6. The computerized method of claim 1, wherein qualifying the online applicant comprises: unconditionally approving the online application when the application data satisfies requirements specified by the underwriting criteria for unconditional approval of the chosen qualified credit product.
7. A computer-readable medium having computer-executable instructions to cause a server computer for an online broker offering multiple credit options to perform a method comprising: receiving application data from an applicant coupled to the server computer through a computer network; sending a rejection message to the applicant when the application data cumulatively received at a first pre-determined point disqualifies the applicant from all of the multiple credit options; creating a list of qualified credit options from the multiple credit options when all the application data is received; sending the list to the applicant when the list contains at least one qualified credit option; receiving a choice of a qualified credit option from the applicant; forwarding the application data to a credit provider associated with the chosen qualified credit option; and sending an application status to the applicant.
8. The computer-readable medium of claim 7, wherein each credit option comprises a credit product and a credit provider for the credit product.
9. The computer-readable medium of claim 7, wherein the application data cumulatively received at the first pre-determined point is evaluated against a subset of underwriting criteria for the multiple credit options to determine if the applicant is disqualified from all of the multiple credit options.
10. The computer-readable medium of claim 9, wherein the method further comprises: obtaining a portion of the underwriting criteria from a credit provider associated with each one of the multiple credit options.
11. The computer-readable medium of claim 7, wherein the application data is evaluated against past activity criteria at a second pre-determined point to determine if the applicant should be blocked from applying for credit from the online broker.

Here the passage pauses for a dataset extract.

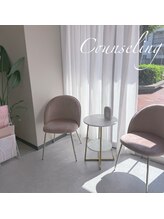 マドモア 土山店(MADEMORE)/カウンセリング・待合室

12. The computer-readable medium of claim 11 , wherein the method further comprises: creating the past activity criteria based on application data previously submitted by the applicant to the online broker.
13. The computer-readable medium of claim 7, wherein the application data is evaluated against fraud criteria at a third pre-determined point to determine if the applicant should be blocked from applying for credit from the online broker.
14. The computer-readable medium of claim 7, wherein the application data is evaluated against underwriting criteria for each of the multiple credit options to create the list of qualified credit options.
15. The computer-readable medium of claim 14, wherein the method further comprises: obtaining the underwriting criteria from a credit provider associated with each one of the multiple credit options.
16. The computer-readable medium of claim 7, wherein the method further comprises: receiving additional data from the applicant when the chosen qualified credit option requires the additional data; revising the list to exclude the chosen qualified credit option if the additional data disqualifies the applicant from the chosen qualified credit option; and sending the revised list to the applicant when the revised list contains at least one qualified credit option.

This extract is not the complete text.